WHAT YOU WILL DO:
Copy exactly the lines of the data below, beginning with the line with "Colorful Abstract Set" and ending with the line with "Birkenstock Boston Suede". Pictures are to be omitted.

INPUT MATERIAL:
-------

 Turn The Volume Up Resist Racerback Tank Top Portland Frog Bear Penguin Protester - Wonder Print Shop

-------

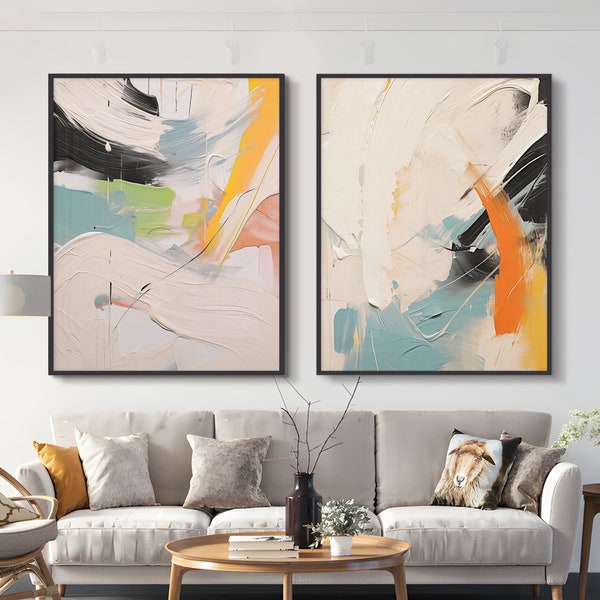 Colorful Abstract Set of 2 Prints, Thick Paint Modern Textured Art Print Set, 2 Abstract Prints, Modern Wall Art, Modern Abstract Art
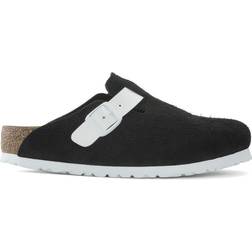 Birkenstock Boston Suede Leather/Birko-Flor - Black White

-------

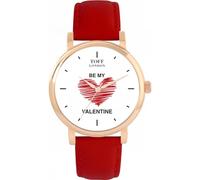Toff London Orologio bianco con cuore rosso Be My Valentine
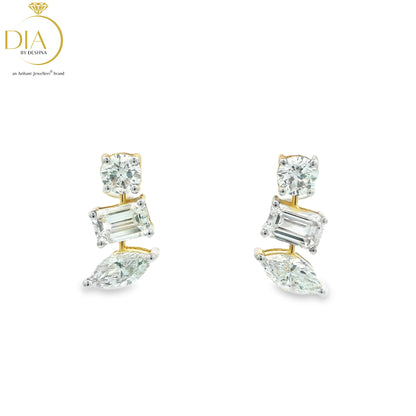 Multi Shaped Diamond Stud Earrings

-------

EXPECTED ANSWER:
 Colorful Abstract Set of 2 Prints, Thick Paint Modern Textured Art Print Set, 2 Abstract Prints, Modern Wall Art, Modern Abstract Art
 Birkenstock Boston Suede Leather/Birko-Flor - Black White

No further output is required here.